There is an excellent post over at the Strange Magic blog that makes a point that elves in recent fantasy RPG games have lost a lot of their exotic alien-ness.

In Tolkien the Elves were not human, and you see this reflected more in the early years of RPGs with Tolkien inspired elves in them. But in the 30+ years since they’ve been increasingly humanized (much like Vampires). Now they are just people with pointy ears (and Vampires are people who sparkle) and they’re written and played more or less like any other human character.

Which strikes to core one of the major themes of Lost Heroes setting, or at least something that has been brewing in the back of my mind as I’ve been designing. The weirdness, that inhuman nature is part and parcel of mythology. The Gods may appear human but they also appear alien.

The otherworldly inhuman nature of Elves and other magical creatures is something you see throughout folklore.

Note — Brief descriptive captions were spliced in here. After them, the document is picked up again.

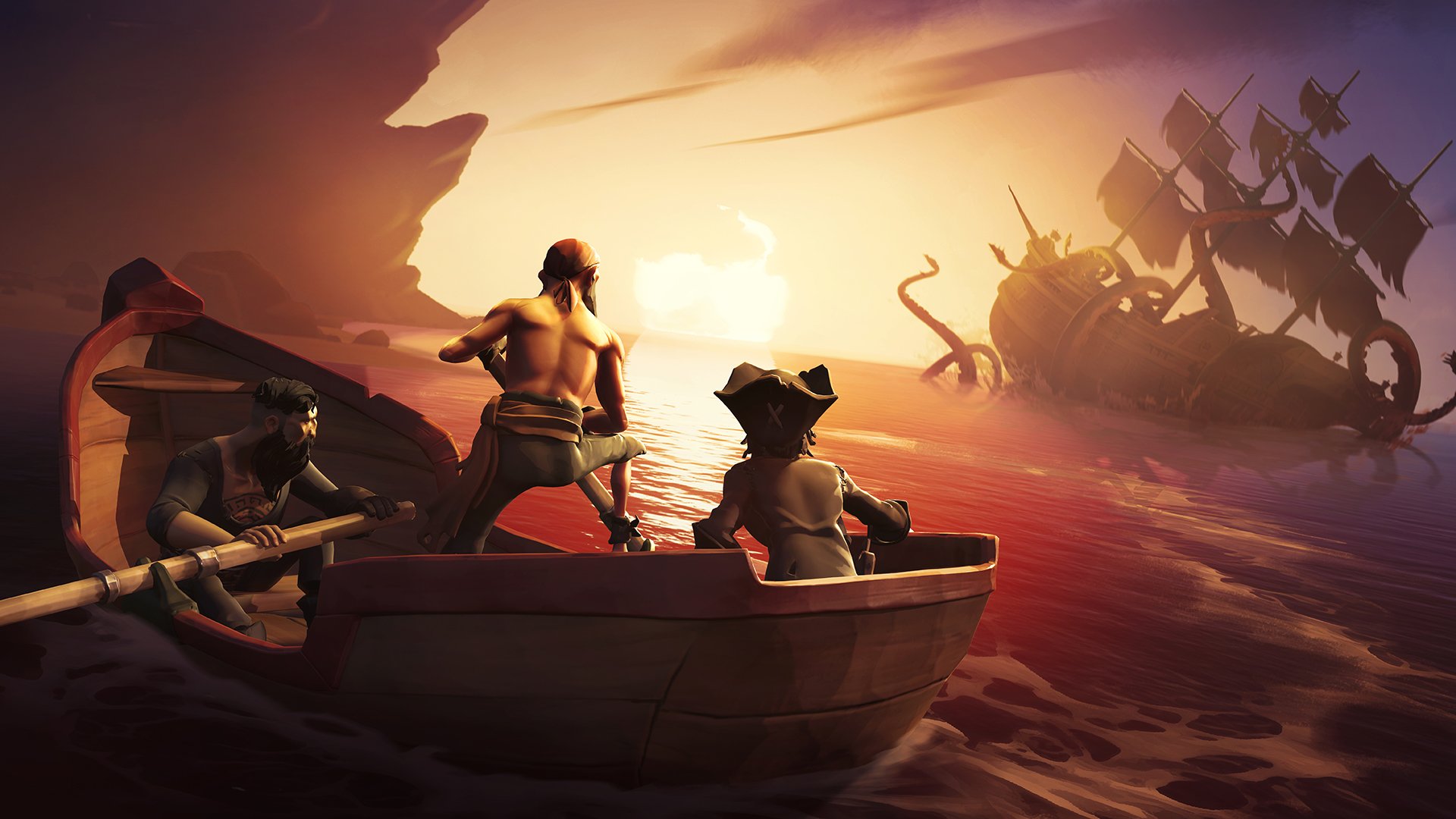 Sea of Thieves gameplay screenshot showing players and ocean, developed by Rare under Craig Duncan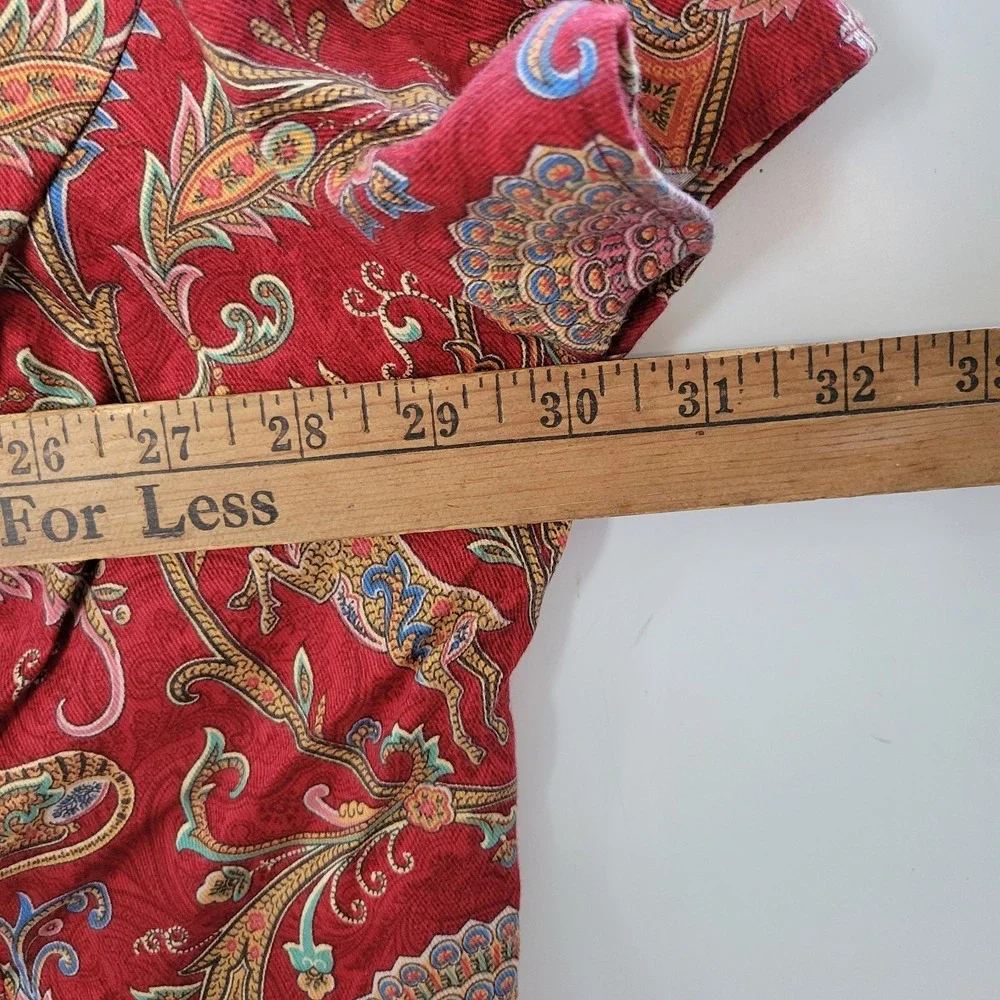 Positive Attitude Tapestry Skirt Set Womens Petite Red Vintage Animal Print EXCL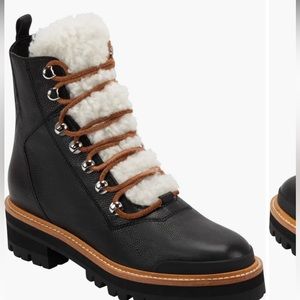 Marc Fisher black and shearling waterproof boots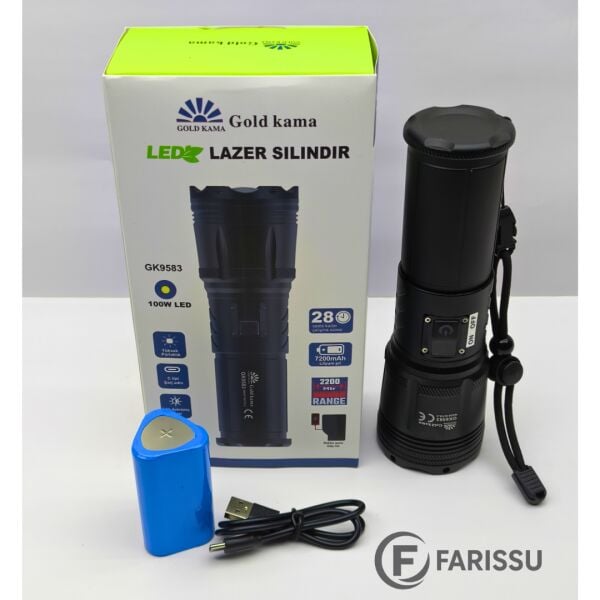 100W Lazer LED El Feneri - 2200 Metre Menzil, 7200mAh Powerbank Özellikli, Dijital Göstergeli ve 5 Mod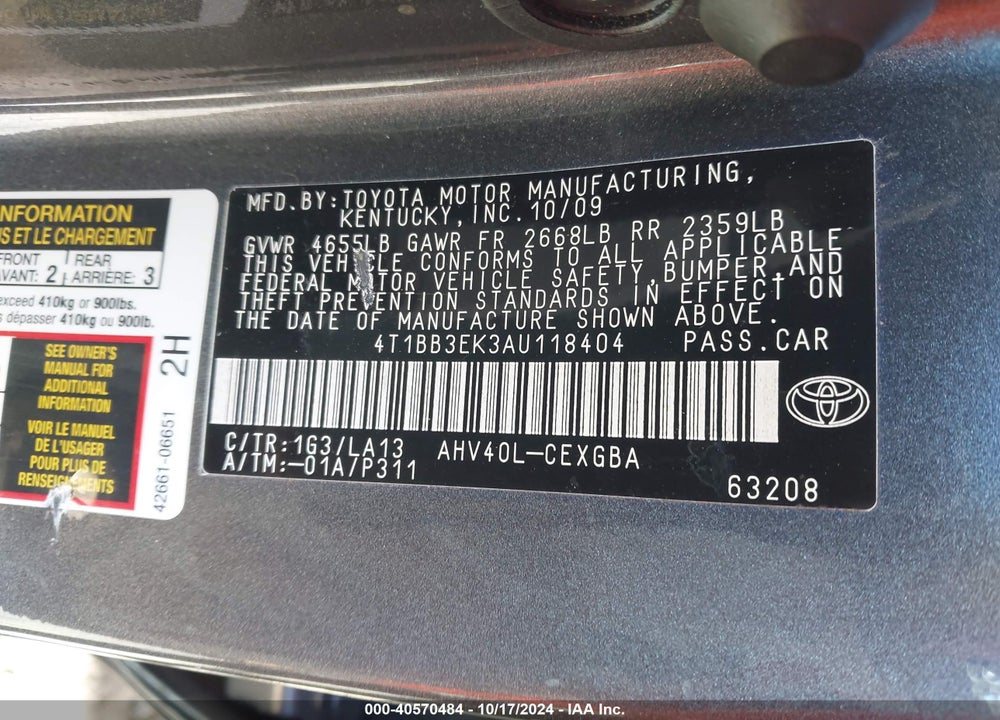 2010 TOYOTA CAMRY HYBRID VIN: 4T1BB3EK3AU118404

I’ve tried to replicate that in the rules by saying that players can only play human and nearly-human characters. You can play a human that can turn into a dragon, but not a dragon that can turn into a human. You can play a half-Dreamling (but not a real Dreamling) or a human who has been changed to join the Elves of Asgard (but you can’t play a pure/original Elf). I create a sub system for Magic Users that is intended to make magic strange and exotic. I also wrote a long chapter called “the world of horrors and wonders”; how our human and mundane world appears to creatures and beings not from here (I hope to revise and extend this chapter in the future). Indeed the world of lost heroes is about entering the supernatural world, with it’s spontaneous festivals and fairy realms, of the supernatural community and the demands of the gods that dwell only in the land of dreams.

This hasn’t been an explicit condition of my design though. It still possible to use the character creation process to create really weird characters that do not fit any ideal of human so really it’s something that the GM will have to watch for.

Thinking on this theme for the last few days has made me evaluate how I envision the final product per say. It doesn’t change my course of action for now, but I keep thinking that the core book should be filled with the strange and weird flotsam of mythology and alien-ness, perhaps containing a cross-section of a god from each of the established pantheons and then a number of examples from the two generic ones and a number of strange realms with alien rules (mostly to highlight the strange hyper-reality of the land of the dreams).

My food for thought for the next little while.